ChatGPT is coming for us. (Here’s why I’m not afraid.)

Two hands reaching out to each other on a dark background.

Hello reader,

I’m a luddite and I know it. Y’all, I left instagram and took all social media off my phone in March 2020 and never looked back.

As a result of my mindset, I’ve only recently played with ChatGPT. Why did I even go there?  A client was exploring the concept of Ikigai, and invited ChatGPT to question him so that he could do deeper thinking about his own ikigai.

Yeah. My client was on his way to replacing me with a bot.

I know we’ve all had that thought — is my job replaceable with a AI? A bot? ChatGPT? Doctors, lawyers, realtors, writers, teachers…we all have experienced that moment of uh-oh where some of the skills you think you bring to the table are done, and done better by ChatGPT.

Another client and I have been brainstorming for a month on the attributes of the brand for a business she’d like to launch. After I saw how the bot advanced the thinking of my ikigai-seeking client, I suggested she give it a go.

So she invited ChatGPT to come up with some ideas for her brand. Mind. Blown. Best brainstorm she’d had. Eerie, like they knew her.

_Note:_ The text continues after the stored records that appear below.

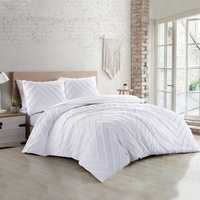 Een wit bed met een witte dekbed en witte lakens, stralend in een rustige slaapkameromgeving.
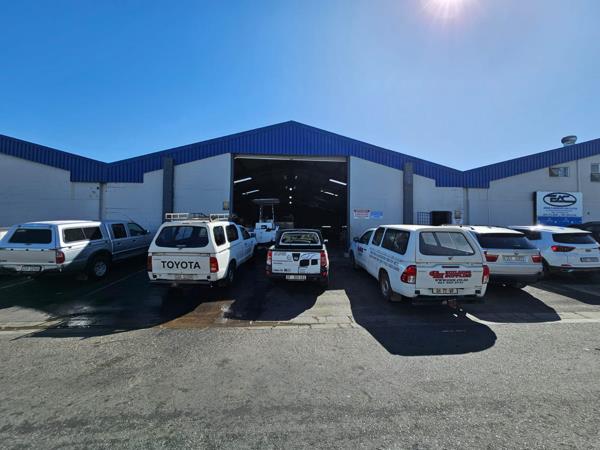 1 800  m² Industrial space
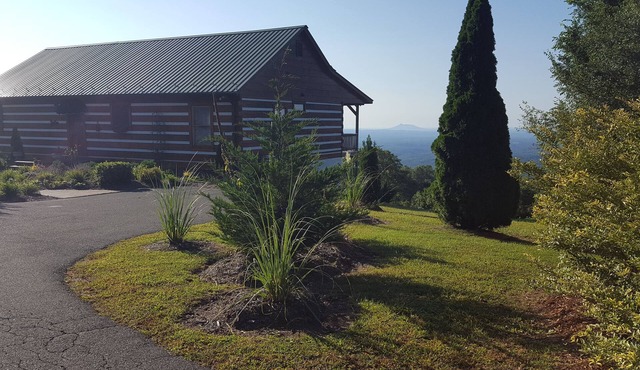 Fabulous cabin with extraordinary view 7NC/VA counties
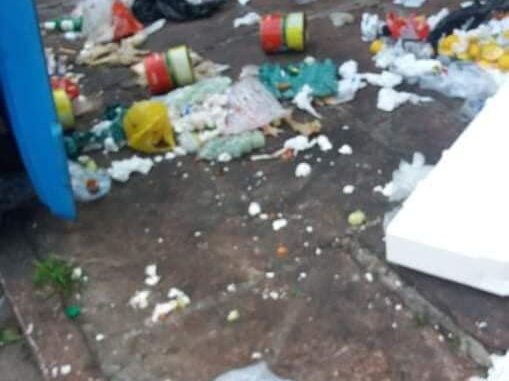 Vandalismo com lixo espalhado Vandalismo com lixo espalhados pelas ruas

This luddite has tapped into the beast (as I’m sure you already have, or will shortly after reading this newsletter). And I have decided: it’s good! ChatGPT is creative caffeine that can help us think.

And, by demonstrating what it can do better than me, it helps me clarify my strengths.

Coaches as questions. Coaches help you think. Coaches provide accountability. Bots and timers can do that too. AI-generated questions can help you think deeply. A good prompt, and some discipline to pursue it, helps.

But here’s where I’ve got the edge. ChatGPT can’t connect. They can’t love you, energetically vibe with you, or care about you. They can’t see an article and think of you, or hold you in their heart and pray for you. They can set a timer to check in or send you an automated email, but they can’t be a human on the other end of the line when you respond (dontcha just love those “no-reply” e-mails)?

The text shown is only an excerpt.